## Dataset
————————
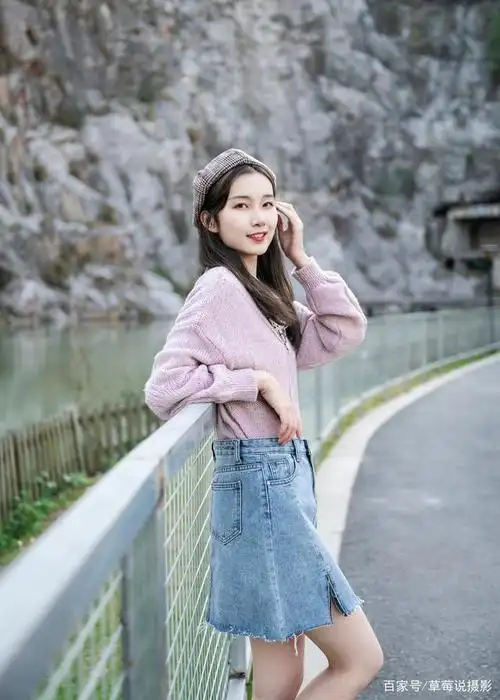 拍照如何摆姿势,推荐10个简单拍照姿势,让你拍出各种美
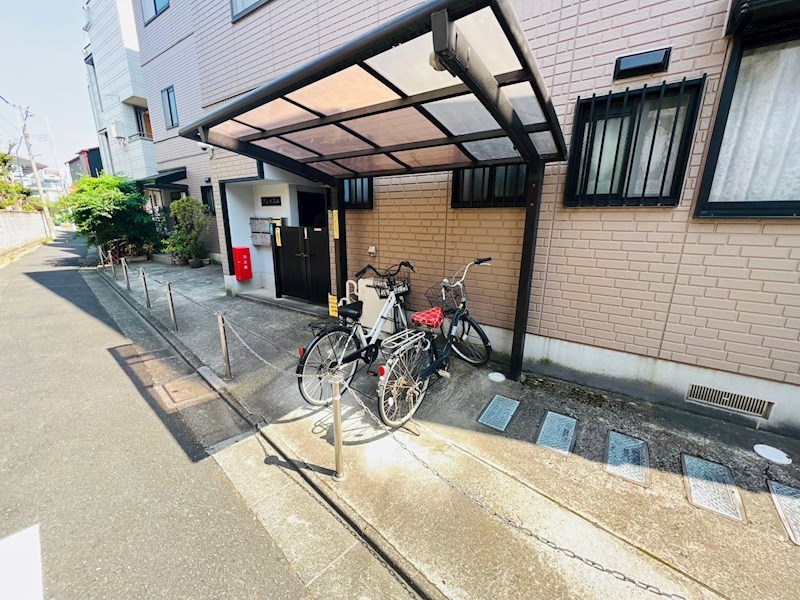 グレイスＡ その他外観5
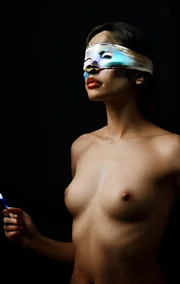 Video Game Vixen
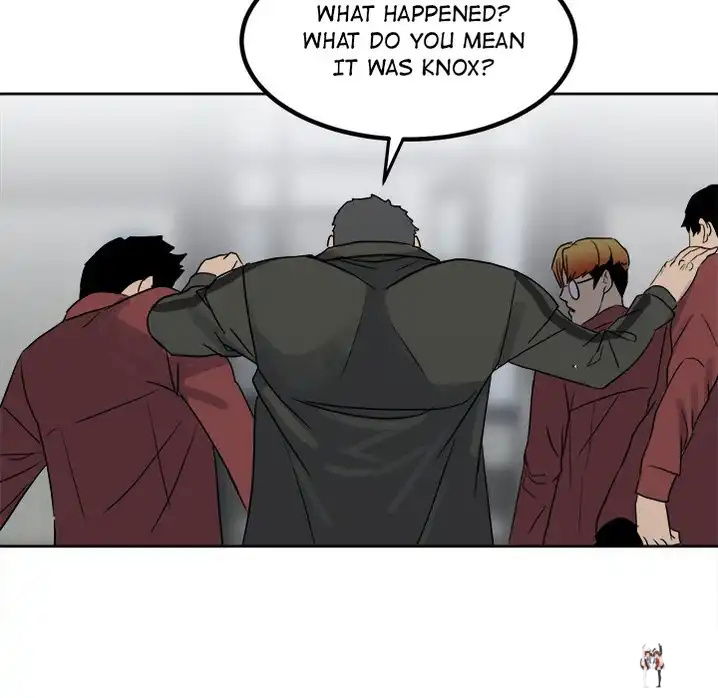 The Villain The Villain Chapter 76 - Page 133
————————
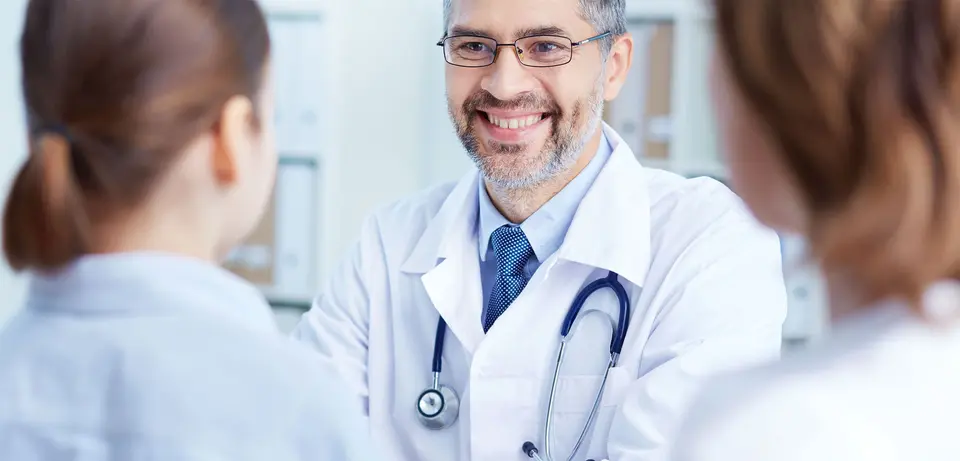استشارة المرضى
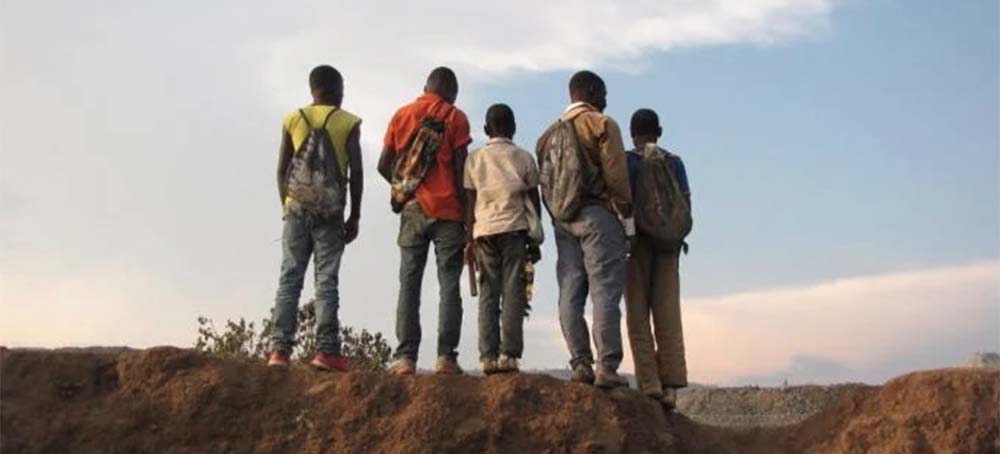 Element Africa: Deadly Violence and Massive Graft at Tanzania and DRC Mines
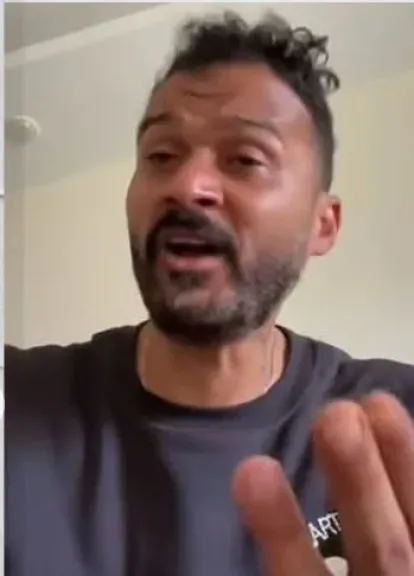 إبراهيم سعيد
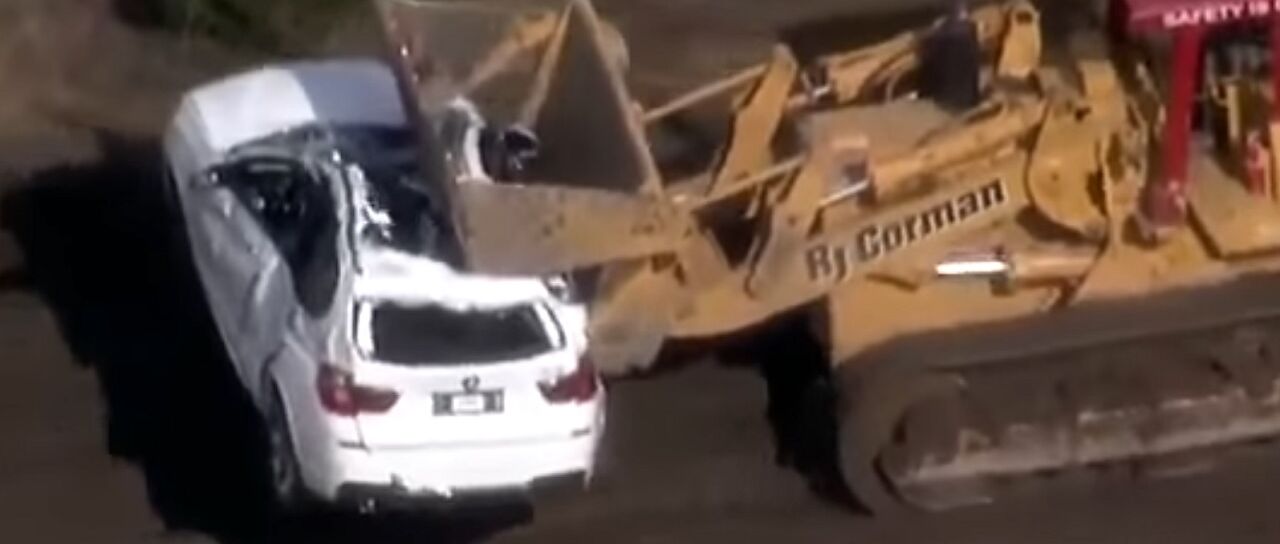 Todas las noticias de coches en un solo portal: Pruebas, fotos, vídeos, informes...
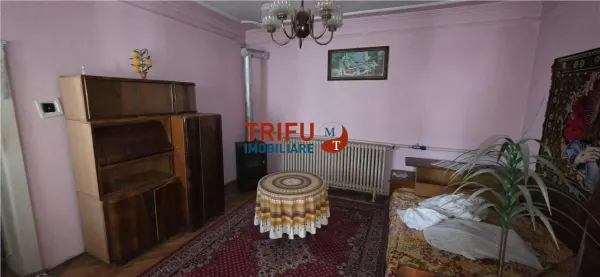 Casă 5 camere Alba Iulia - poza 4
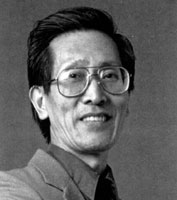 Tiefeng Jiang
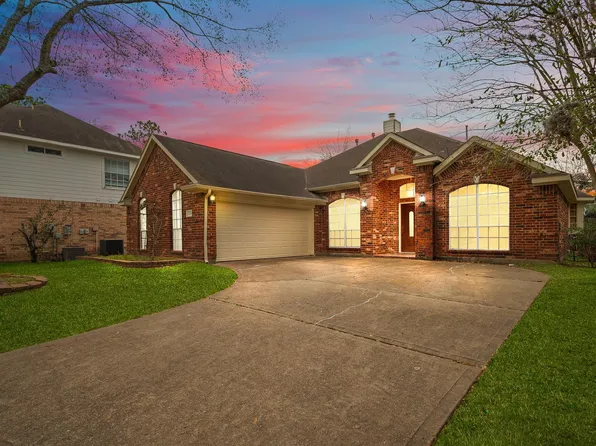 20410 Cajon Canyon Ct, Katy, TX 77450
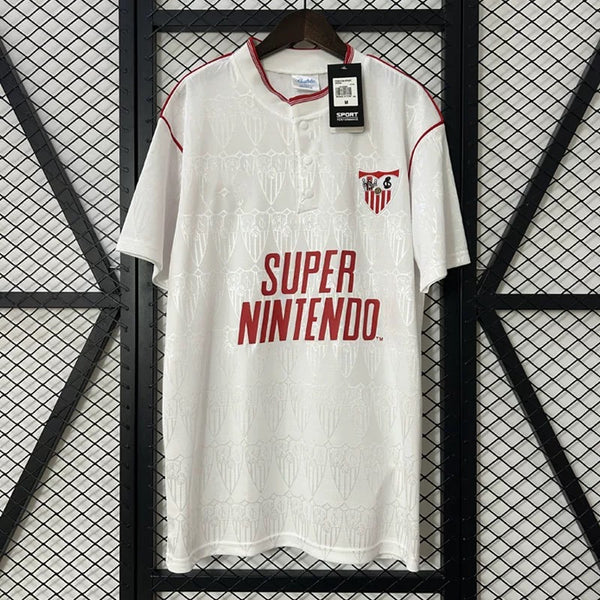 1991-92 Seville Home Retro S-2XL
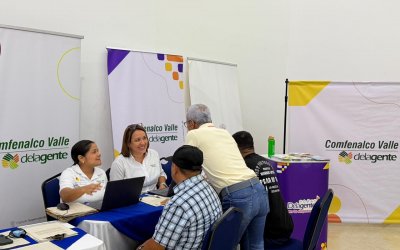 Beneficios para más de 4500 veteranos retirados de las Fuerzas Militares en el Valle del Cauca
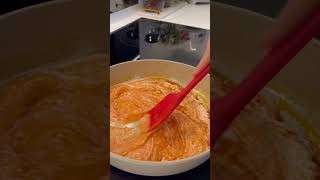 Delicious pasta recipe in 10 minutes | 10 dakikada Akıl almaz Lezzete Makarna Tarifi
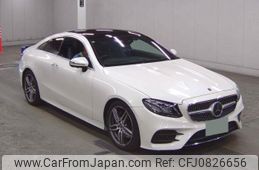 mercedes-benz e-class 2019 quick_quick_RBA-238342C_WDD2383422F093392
————————
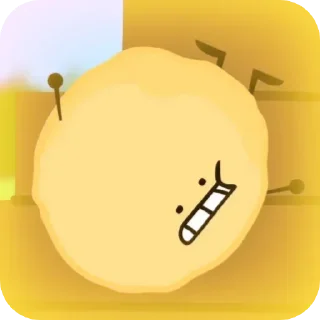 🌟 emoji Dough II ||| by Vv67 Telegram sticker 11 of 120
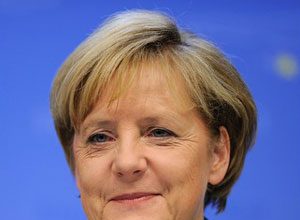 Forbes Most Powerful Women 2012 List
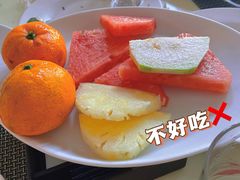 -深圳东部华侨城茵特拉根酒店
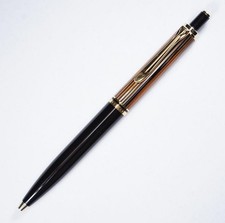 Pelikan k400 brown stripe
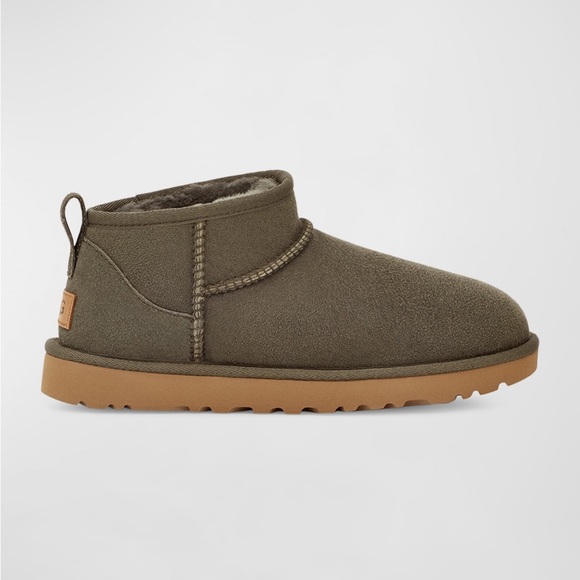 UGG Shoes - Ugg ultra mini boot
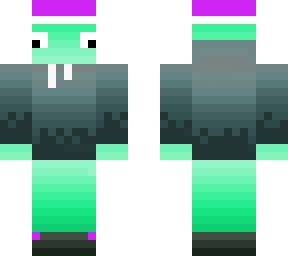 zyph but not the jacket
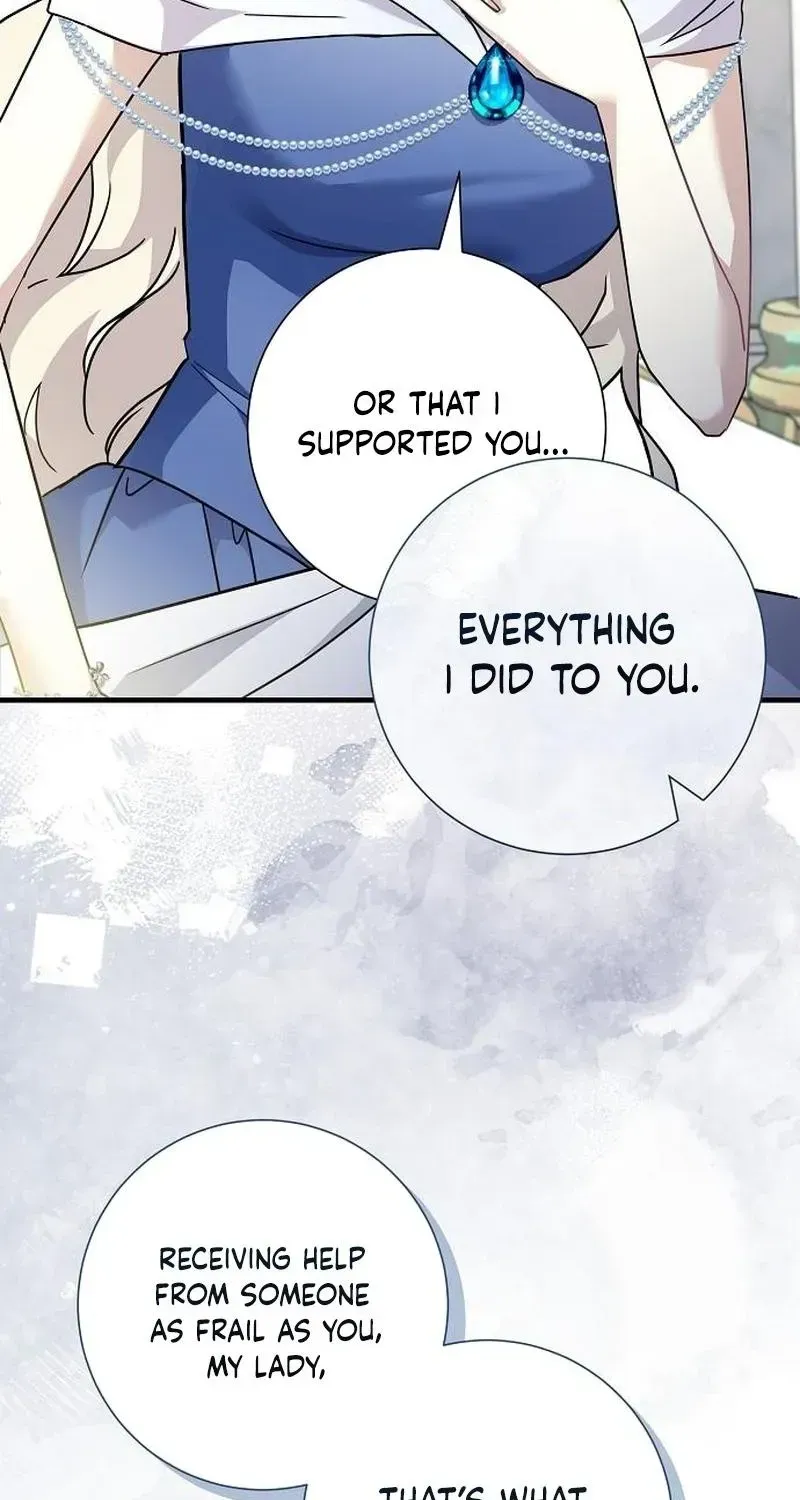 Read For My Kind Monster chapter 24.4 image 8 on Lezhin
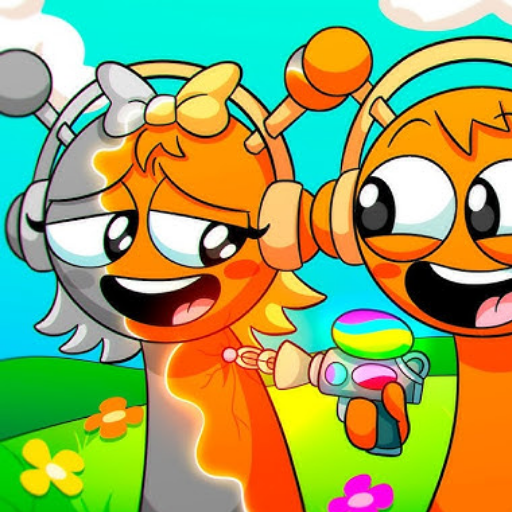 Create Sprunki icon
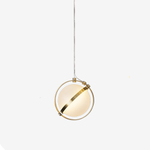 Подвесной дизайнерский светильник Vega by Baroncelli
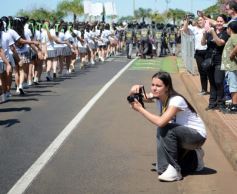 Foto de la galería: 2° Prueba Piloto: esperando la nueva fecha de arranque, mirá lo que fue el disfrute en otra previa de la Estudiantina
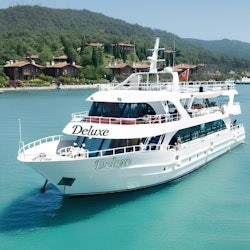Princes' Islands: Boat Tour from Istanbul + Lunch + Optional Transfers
————————
## Problem description
Among the entries above, take the lines from the one with "sticker 11 of 120" through the one with "Princes' Islands: Boat" and retype them exactly, leaving out the pictures.

## Finished exercise
 🌟 emoji Dough II ||| by Vv67 Telegram sticker 11 of 120
 Forbes Most Powerful Women 2012 List
 -深圳东部华侨城茵特拉根酒店
 Pelikan k400 brown stripe
 UGG Shoes - Ugg ultra mini boot
 zyph but not the jacket
 Read For My Kind Monster chapter 24.4 image 8 on Lezhin
 Create Sprunki icon
 Подвесной дизайнерский светильник Vega by Baroncelli
 Foto de la galería: 2° Prueba Piloto: esperando la nueva fecha de arranque, mirá lo que fue el disfrute en otra previa de la Estudiantina
Princes' Islands: Boat Tour from Istanbul + Lunch + Optional Transfers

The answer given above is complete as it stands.